話は学生の個性に応じた将来の進路とか、卒業研究の中身のことが多い。どのように話をするのかと言いますと、なるべく学生を誉める、又は可能性がある限り伸ばす方向で話をするように、思っております。
思い出すに、私が学生だった頃の心理学の教師などは「何様?」とでも呼ぶべきか、いい気なものでして、大体において酒を飲みながら学生に対して自分の言うことが如何に熟慮の末の正しい考えであるか、また学生がいかに浅はかな考えしか持っていない馬鹿であるかといったことをとうとうと述べ立てる。その脇でガードマン役の大学院生などがそうだそうだと大きくうなずく権威主義。
といっても支払いはみごとに割り勘。ある時などは自分の取巻きの1人である女子学生に持ち合わせがないので皆でカンパ、即ちその分被ってくれなどと学生に指示した大先生でありました。何かのあらぬ事柄でかその本人の気分により頭から湯気を出して口汚く罵られたなどというのは毎度のことでして、その際丸く禿げ上がった上に髪が撫で付けてあった教師のミョウチクリンな顔付きは、私が根にもっているところがきっとあるのでしょうが、現在でも時々思い出すことがあります。年令のせいか、この頃ふと思い出すことには昔腹が立った記憶が多い、またはそういうのばかり。人生とは誰でもそういうものなのか、又は特殊私だけが悲惨なのか。
いまさらそういう教師にリベンジするでもありません。当該大先生は既に亡くなってもおります。明確に言えるのは、教師としてそうした行為には社会的な効用はまったくないということです。その教師は本人の満足を学生から吸いとっていた。教師はそのような自己虫ではいけません。自分がよき教師たらんと欲することとは、相手(学生)の自我への思いに「あの時はよかった」と、それがあれば今後も頑張れる縁になるような暖かい何物かを残すことではないでしょうか。少しは煽てることもあるかもしれません。しかし励ましであって、ただ煽てるだけとはまったく違います。教師は大学生が接する数少ない社会人の1人であり、大学生を内側外側から主観的且つ客観的に知りアドバイス出来る立場にもあります。卒業前でもその後でも、彼らがいつか思い出すと何か勇気が湧くような思い、又はそうした一瞬を少しなりとも提供出来たならと思います。

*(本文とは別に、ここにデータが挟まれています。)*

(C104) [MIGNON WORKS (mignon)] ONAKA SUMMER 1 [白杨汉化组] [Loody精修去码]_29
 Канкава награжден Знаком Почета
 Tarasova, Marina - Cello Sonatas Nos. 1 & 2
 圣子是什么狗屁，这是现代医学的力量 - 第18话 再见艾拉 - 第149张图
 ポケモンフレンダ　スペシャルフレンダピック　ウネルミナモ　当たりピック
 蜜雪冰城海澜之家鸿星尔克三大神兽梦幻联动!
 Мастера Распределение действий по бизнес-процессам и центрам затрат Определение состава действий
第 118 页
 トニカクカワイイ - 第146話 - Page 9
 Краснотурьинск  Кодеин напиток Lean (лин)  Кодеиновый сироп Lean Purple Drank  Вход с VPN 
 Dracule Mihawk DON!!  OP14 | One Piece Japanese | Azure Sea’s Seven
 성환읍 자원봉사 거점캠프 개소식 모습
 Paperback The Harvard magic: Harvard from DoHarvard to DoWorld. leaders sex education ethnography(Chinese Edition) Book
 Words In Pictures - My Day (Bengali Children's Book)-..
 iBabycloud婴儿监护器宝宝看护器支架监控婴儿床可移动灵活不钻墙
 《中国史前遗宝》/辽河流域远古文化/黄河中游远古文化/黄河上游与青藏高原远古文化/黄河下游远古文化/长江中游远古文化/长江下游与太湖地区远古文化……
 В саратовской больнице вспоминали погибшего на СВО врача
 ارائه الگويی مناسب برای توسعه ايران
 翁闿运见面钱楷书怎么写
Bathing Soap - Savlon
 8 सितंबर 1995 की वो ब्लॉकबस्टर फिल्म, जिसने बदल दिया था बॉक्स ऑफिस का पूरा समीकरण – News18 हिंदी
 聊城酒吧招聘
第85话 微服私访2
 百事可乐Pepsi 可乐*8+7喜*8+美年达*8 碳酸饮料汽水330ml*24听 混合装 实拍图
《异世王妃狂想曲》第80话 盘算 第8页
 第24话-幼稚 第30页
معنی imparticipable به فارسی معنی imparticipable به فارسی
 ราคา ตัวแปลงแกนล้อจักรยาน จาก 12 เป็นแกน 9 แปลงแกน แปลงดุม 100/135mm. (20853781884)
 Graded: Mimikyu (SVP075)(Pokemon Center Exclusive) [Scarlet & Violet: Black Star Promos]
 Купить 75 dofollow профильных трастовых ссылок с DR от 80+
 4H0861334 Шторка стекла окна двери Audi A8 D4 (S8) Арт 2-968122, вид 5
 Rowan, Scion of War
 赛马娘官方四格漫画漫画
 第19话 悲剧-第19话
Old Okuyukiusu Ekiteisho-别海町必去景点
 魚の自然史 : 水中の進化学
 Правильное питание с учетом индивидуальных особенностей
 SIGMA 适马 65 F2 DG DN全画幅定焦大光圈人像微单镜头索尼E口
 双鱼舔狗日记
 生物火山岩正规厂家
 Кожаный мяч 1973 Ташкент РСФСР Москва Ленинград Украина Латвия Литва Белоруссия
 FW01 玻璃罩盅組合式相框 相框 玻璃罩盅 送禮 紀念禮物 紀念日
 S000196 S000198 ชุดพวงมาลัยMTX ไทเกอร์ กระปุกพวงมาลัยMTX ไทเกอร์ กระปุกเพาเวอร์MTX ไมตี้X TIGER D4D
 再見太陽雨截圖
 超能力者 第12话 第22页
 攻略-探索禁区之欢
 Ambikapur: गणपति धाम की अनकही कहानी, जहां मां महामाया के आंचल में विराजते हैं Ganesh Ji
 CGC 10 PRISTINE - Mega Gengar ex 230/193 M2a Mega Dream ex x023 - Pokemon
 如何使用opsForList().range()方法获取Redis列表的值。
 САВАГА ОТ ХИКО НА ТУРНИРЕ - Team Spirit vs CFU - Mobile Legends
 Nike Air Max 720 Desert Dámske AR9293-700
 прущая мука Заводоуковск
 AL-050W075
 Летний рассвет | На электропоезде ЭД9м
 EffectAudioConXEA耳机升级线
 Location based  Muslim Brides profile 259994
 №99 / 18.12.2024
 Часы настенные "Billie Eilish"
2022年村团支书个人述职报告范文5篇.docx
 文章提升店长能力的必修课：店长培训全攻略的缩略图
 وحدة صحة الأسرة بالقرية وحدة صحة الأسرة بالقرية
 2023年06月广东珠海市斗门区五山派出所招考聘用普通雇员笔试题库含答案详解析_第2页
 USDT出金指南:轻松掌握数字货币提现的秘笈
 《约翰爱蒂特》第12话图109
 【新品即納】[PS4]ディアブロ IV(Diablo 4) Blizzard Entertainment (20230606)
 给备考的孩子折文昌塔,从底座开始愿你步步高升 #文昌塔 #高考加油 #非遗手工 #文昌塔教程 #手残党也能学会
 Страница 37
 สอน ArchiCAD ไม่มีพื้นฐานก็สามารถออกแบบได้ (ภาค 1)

先日麻布十番を歩いていたところ、セント・エルモスファイアーなる店(バーか?昼間なのでクローズしていましたが)を見かけました。学生街でもないのに不釣合い。また、こうしたタイトルを発すること自体いかにもダサくて趣味が悪く、いまさらの時代錯誤を感じられることでしょう。しかし実際には青春を美しいものとして描くのとは一味違って、大学生又は新卒者のドジで間抜な戸惑いや挫折を描くこの懐かしいアメリカ映画、私は好きでありました(舞台になったキャンパスはワシントンDCのジョージタウン大学)。
その日本版と言われるテレビ番組、撮影に使用したキャンパスは茗荷谷の拓大ではなかったか?だいぶ風景が違う。念のため、こちらの方は何を根拠に?と感じるほど学生時代の友人仲間というか集団センチメントの筋が綿々と続き、ウジウジ感が過ぎてあまり好きではありませんでした。またあたかも心地良いといった気分を歌った主題曲もその歌手もまったく好きではありません。
ついでに言うと、顔にしわやシミが出て生活観溢れる顔つきの60才にもならんとする爺婆が大挙(団塊で)集まり、学生時代は損得勘定なく美しい時代だったなどと、ハレとケのハレにあたる同窓会を醜く楽しもうとする場所に私は行きたくないです。学生時代をハレとしてイメージすること自体が可笑しい。なぜなら学生生活にはそれなりのケがあるからであり、その部分を教師としてサポートするのが私の仕事である。きれい事ではありません。教師にとってはゼミの飲み会もまたケの日常性であります。アフターファイブまたはウイークエンドは、集団(団塊)的なハレの席より、個人的にひっそりやっている方が良いです。